## Benchmarking a single CIR process chain

by Antoni Sieminski

### Executive summary

This notebook benchmarks a single run of the CIR process using a CPU. We examine the following settings:

1) No compilation.
    - Timing should be similar to base R.
2) Ahead-of-time (AOT) compilation.
    - This setting compiles the code to run on different machines with a wide variety of inputs.
    - Assuming good software engineering, the performance here should be similar to that of Hymans Robertson's C# code.
3) Just-in-time (JIT) compilation.
    - First run takes longer as it compiles the code to optimise w.r.t. to the specific hardware it's run on and to the supplied function inputs.

Results:
- Some compilation is necessary, but JIT was only twice faster than AOT-compiled code.
- Combined with the additional compilation time of JIT, it might not be the best approch for this problem.

Limitations:
- The biggest parallelisation gains stem from having a large number of chains, which can be vectorised (or rather tensorised) at each iteration.
- This analysis looked at processing only a single chain on a CPU.
- It could be relevant if the chains were run on a cluster, but GPU computing seems like a much easier way to parallelise the computation.

In [3]:
import numpy as np

#parameters
nYears = 100
dt= 1/12
nFactors=2
nTrials = 1
rho = 0.739 
weinerSigma = np.array([[1, rho],
                        [rho, 1]])
weinerL = np.linalg.cholesky(weinerSigma)
weinerL

array([[1.        , 0.        ],
       [0.739     , 0.67370543]])

In [4]:
#initial_values
x_10 = 0.0228
x_20 = 0.0809

#more parameters (alpha etc)
a_1 = 1.0682
m_1 = 0.0546
s_1 = 0.0412
a_2 = 0.0469
m_2 = 0.0778
s_2 = 0.0287

### 1) No compilation

In [5]:



def correlate_weiner_process(X, L, dt):
    return np.sqrt(dt) * np.dot(L, X)

def compute_dxt(xt, dt, alpha, mu, sigma, dZt):
    """
    Parameters:
    - xt: Current value of the process
    - dt: Time increment
    - alpha: Speed of reversion
    - mu: Long-term mean of the process
    - sigma: Volatility parameter
    - dZt: Random increment from a normal distribution

    Returns:
    - Updated process value
    """
    dxt_drift = alpha * (mu - xt) * dt
    dxt_stochastic_variation = sigma * np.sqrt(xt) * dZt  
    return dxt_drift + dxt_stochastic_variation

def generate_process_cir_py(x0, dt, alpha, mu, sigma, dZ):
    """
    Generate a trajectory of the CIR process.

    Parameters:
    - x0: Initial value of the process
    - dt: Time increment
    - alpha: Speed of reversion
    - mu: Long-term mean of the process
    - sigma: Volatility parameter
    - dZ: Array of random increments from a normal distribution

    Returns:
    - Array of process values
    """
    xt = x0
    for dZt in dZ:
        xt += compute_dxt(xt, dt, alpha, mu, sigma, dZt)
    return xt

In [6]:
#random variable X, (2,nfactors*nYears/dt) matrix 
X = np.random.normal(size=int(nFactors * nYears / dt)).astype(np.float32).reshape(2, -1)
#find dZ
dZ = correlate_weiner_process(X,weinerL,dt).astype(np.float32)[0,:]

In [7]:
%timeit x_1 = generate_process_cir_py(x_10, dt, a_1, m_1, s_1, dZ)
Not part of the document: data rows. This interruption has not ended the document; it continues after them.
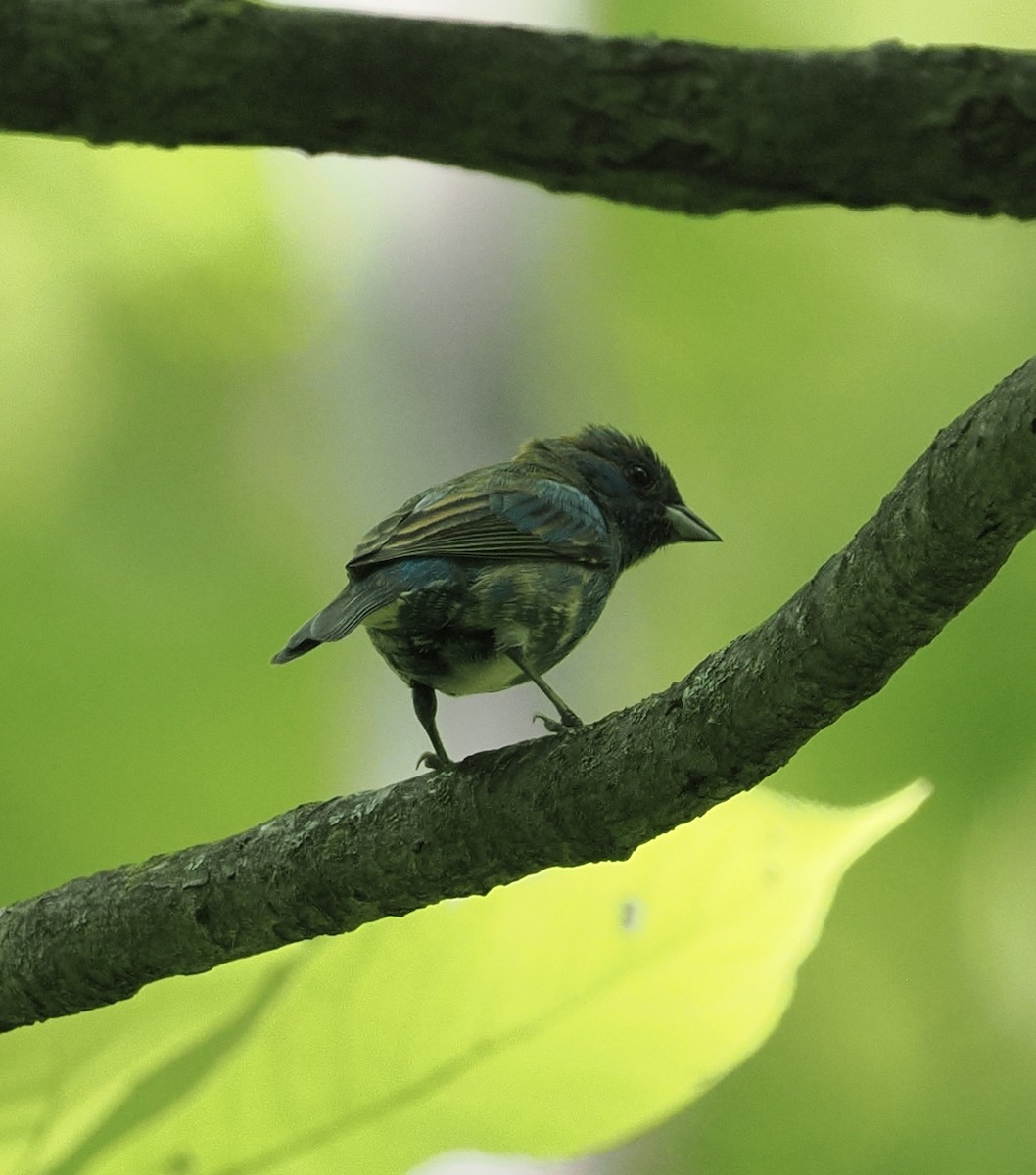 Indigo Bunting - ML619634584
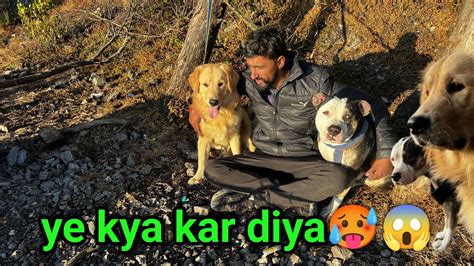 Picnic With Simba And Dollar Masti With Pets In Mountain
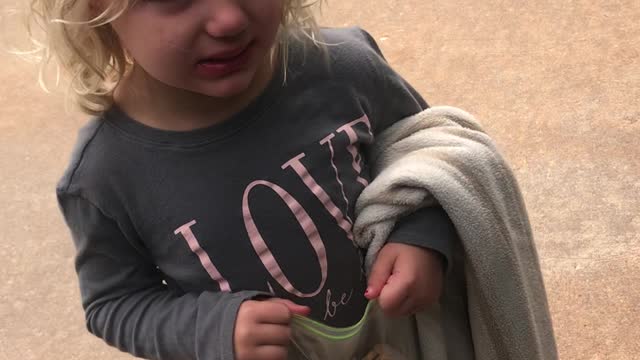 3-Year-Old Doesn't Like That the Lab Stole Her Car Seat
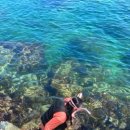 오션힐파크 호텔펜션 이미지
2.29 ms ± 166 µs per loop (mean ± std. dev. of 7 runs, 100 loops each)


### 2) Ahead-of-time compilation (Cython)

In [8]:
%load_ext cython

In [10]:
%%cython
from libc.math cimport sqrt
import numpy as np
cimport numpy as np

cdef inline float updateProcessValue_cir(float xt, float dt, float alpha, float mu, float sigma, float dZt):
    cdef float dxt_drift = alpha * (mu - xt) * dt
    cdef float dxt_stochastic_variation = sigma * sqrt(xt) * dZt
    return xt + dxt_drift + dxt_stochastic_variation

# Improved performance by using memoryviews and reducing Python calls
def generateProcess_cir(float x0, float dt, float alpha, float mu, float sigma, float[:] dZ):
    cdef int T = dZ.shape[0]
    cdef float[:] x = np.empty(T + 1, dtype=np.float32)
    cdef int t
    cdef float xt = x0

    x[0] = x0
    for t in range(1, T + 1): 
        xt = updateProcessValue_cir(xt, dt, alpha, mu, sigma, dZ[t-1])
        x[t] = xt
    return x


In [11]:
# Call the Cython function
%timeit result = generateProcess_cir(x_10, dt, a_1, m_1, s_1, dZ)


17.9 µs ± 293 ns per loop (mean ± std. dev. of 7 runs, 100,000 loops each)


## Just-in-time compilation (Numba)

In [15]:
import numba
compute_dxt = numba.jit(compute_dxt, nopython=True) # We overwrite the old function to make the code clearer
generate_process_cir_numba = numba.jit(generate_process_cir_py, nopython=True)

In [16]:
# Force compilation
result = generate_process_cir_numba(x_10, dt, a_1, m_1, s_1, dZ)
# Timing after compilation
%timeit result = generate_process_cir_numba(x_10, dt, a_1, m_1, s_1, dZ)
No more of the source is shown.